Template preparation
The obtained libraries from the previous step were pooled on molar equivalent rations to yield at least average 150x depth for coverage regarding every germline DNA sample and 750x for somatic samples. The assembled libraries were clonally amplified using Ion PGM Hi-Q view OT2 kit (Cat No# A29900 Life technologies) on the Ion OneTouch 2 instrument (Life technologies, USA) according to the manufacturer’s instructions. Then, the template ion sphere particles (ISP) were enriched using Ion PGM enrichment beads (Cat No# 4478525 Life technologies) by Ion OneTouch ES system (Life technologies, USA) according to the manufacturer’s instructions; the positive ISP Quality was assayed on Qubit 2.0 Fluorometer (Life technologies, USA) and then continued for accomplishing the sequencing process.
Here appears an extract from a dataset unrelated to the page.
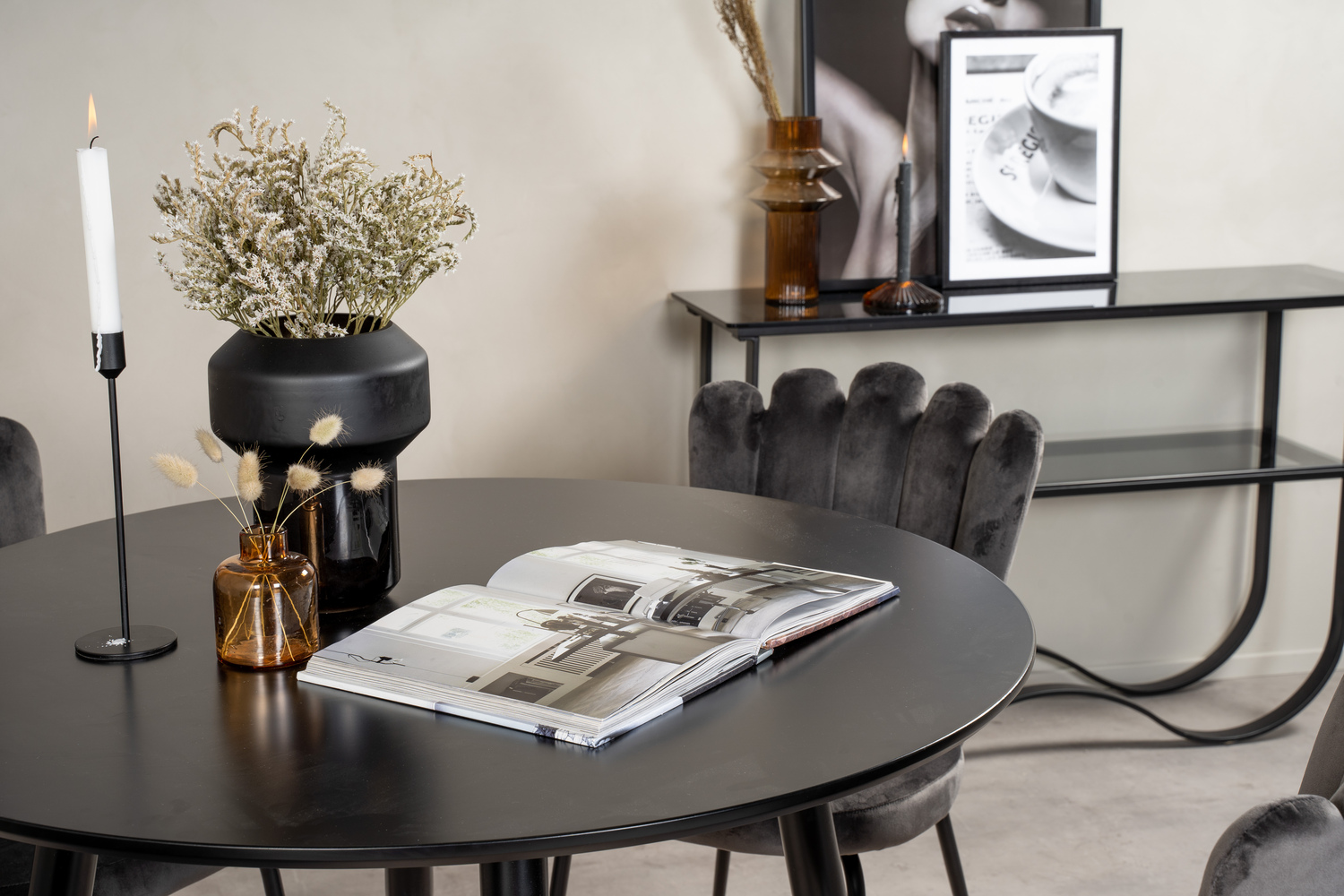 Ēdamistabas komplekts Dallas 1264 (Pelēks + Melns)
Sequencing using ion torrent PGM platform
Subsequently, calibrations and adjustments of the pH were done according to the manufacturer’s instructions using the Ion PGM Hi-Q View Sequencing kit (Cat No# A30044 Life technologies). Entirely barcoded enriched samples were sequenced on the Ion Torrent PGM Platform (Ion Torrent PGM, Life technologies, USA) using Ion 318 Chip Kit V2 BC (Cat No# 4488150 Life technologies).
Data analysis
Generated BAM files were uploaded to the cloud-based Ionreporter server version 5.10 on ThermoFisher website, and the Oncomine BRCA-specific plugin was used to analyze the paired normal and tumor sample for each patient using the default plugin parameters.